After a bright, glamorous award ceremony (Kings of Hollywood) the birth of a baby in Bristol in 1899 begins this musical about the early life of a Hollywood legend. Elsie and Elias Leach have a son, John. The hardworking parents are delighted and devoted to their new arrival. Tragedy strikes, however, as John, a sickly baby, dies eleven months later (What Did I Do?). Suddenly life is not quite so rosy (I Will Be Right Here for You).
Five years on, they have another child, Archibald Alexander Leach, born January 1904 (Second Chance). Elsie wants the best for her son, enrolling him in school early and saving hard for piano lessons. She invests all her time and energy in Archie, if at the expense of her marriage. She never forgets John and still blames herself for his untimely death. Money is tight, so Elias takes a job in Southampton in an effort to bring in more money. The strain of being away from home proves too much for him so he returns to Bristol.
Archie's early childhood continues with visits to the cinema - smart Clare Street with his mother and the not so smart Metropole with his father. He also enjoys magic lantern shows with his friends. One day he comes home to find his mother gone, with no explanation. She was never to return and her disappearance remained a mystery. The neighbourhood children tease Archie because he has no mother. As a result he becomes a loner and spends much of his time at the docks, watching the boats and sailors. All the while withdrawing more and more into himself (Sail Away).
School is not Archie's favourite place. He dislikes all the lessons save chemistry and has a good relationship with his chemistry teacher. It is this teacher who introduces Archie to the Bristol Hippodrome and once there, he never looks back (Hippodrome Song). He becomes a regular face in both the Hippodrome and the Empire, where he runs errands for the stage crew. Before long, he is call boy at the Hippodrome and school takes second place. No one at home is worried - his mother gone, his father working hard and his grandmother not bothered about him. Left to his own devices, he spends more and more time at the theatre.
The Pendertons - a group of young men, working as acrobats and knock-about comedians arrive at the Hippodrome. Archie overhears a conversation where Robert Pender tells how his troupe is depleted because of the war raging in Europe. Archie sees his opportunity and writes to Mr Pender asking to join the group. He is accepted and so begins his journey in show business. However, in order to join the group, he lies about his age, pretending to be 16 although he is only 13. He also wrote to Pender in his father's name, forging his signature. Elias, of course, soon finds out and brings his son back to Bristol, back to the school he now hates. Within months Archie is expelled and back with the Pendertons, eagerly learning his new trade and performing on the stage he has come to love. With their success in England growing, Robert Pender decides to take a small troupe of eight boys to America (Olympic). Archie is amongst those chosen (Should We Ever Meet Again?).

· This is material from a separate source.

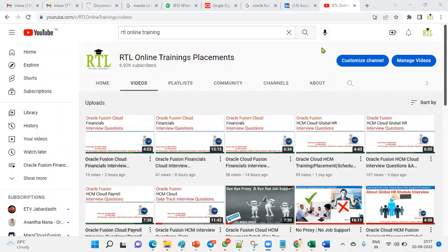Hi, welcome to RTL Online Trainings. This is Chandra. I have been posting videos about Oracle Cloud technologies on finance, supply chain management, human capital management, as well as technical topics. Today I'm going to cover the financials accounting entries topic. Before we go into this topic, I request everyone please subscribe and share with friends and colleagues to get the latest updates about Oracle Cloud. If anyone is looking for training, corporate training, or placement, please refer to us — you can find our contact details here.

The Pendertons' tour of America is a huge success. Audiences up and down the country love the act. Much to the surprise of the troupe, Robert Pender announces that they are to return to England, deciding to quit while he his ahead. Archie is bitterly disappointed and resolves to stay. Pender talks to him and realises that he can't persuade him otherwise. Knowing that he can't keep Archie with him, Pender releases the young man from his contract and returns home. Archie is now alone in America (Chasing Fame).

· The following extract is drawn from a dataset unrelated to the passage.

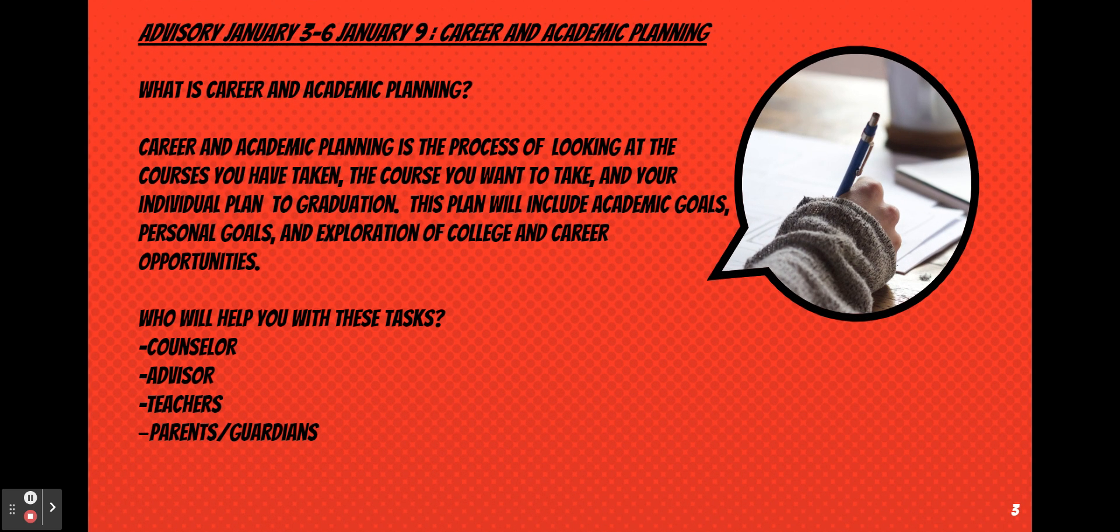Advisory January 3rd through Monday, January 9th. What is Career and Academic Planning? Career and Academic Planning is the process of looking at your courses you've taken, the courses that you want to take, and your individual plan to graduation. This plan will include academic goals, personal goals, and an exploration of college and career opportunities.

Work is hard and varied in New York in the 1920s. Archie sells ties, works as a sandwich board man and entertains visitors to Colney Island as stilt-walker before joining the vaudeville circuit. He tries his hand at everything - acrobatics, juggling, even mind reading! As time goes by, he realises that vaudeville has had its day. It is the dawn of the "talkies".
Archie tries to get in on the movie scene,
auditioning in New York, but fails to get anywhere as people think his neck is too big and don't like the fact that he walks bow-legged. As a result, he stays with theatre, but that too is suffering from the depression that is sweeping across America. In one of the few plays to actually make it to the stage, Archie meets Fay Wray, a young actress on the brink of her big break into Hollywood (How Was I to Know That?). She sees potential in Archie and tells him to go to California - the place to be if you really want to get into movies.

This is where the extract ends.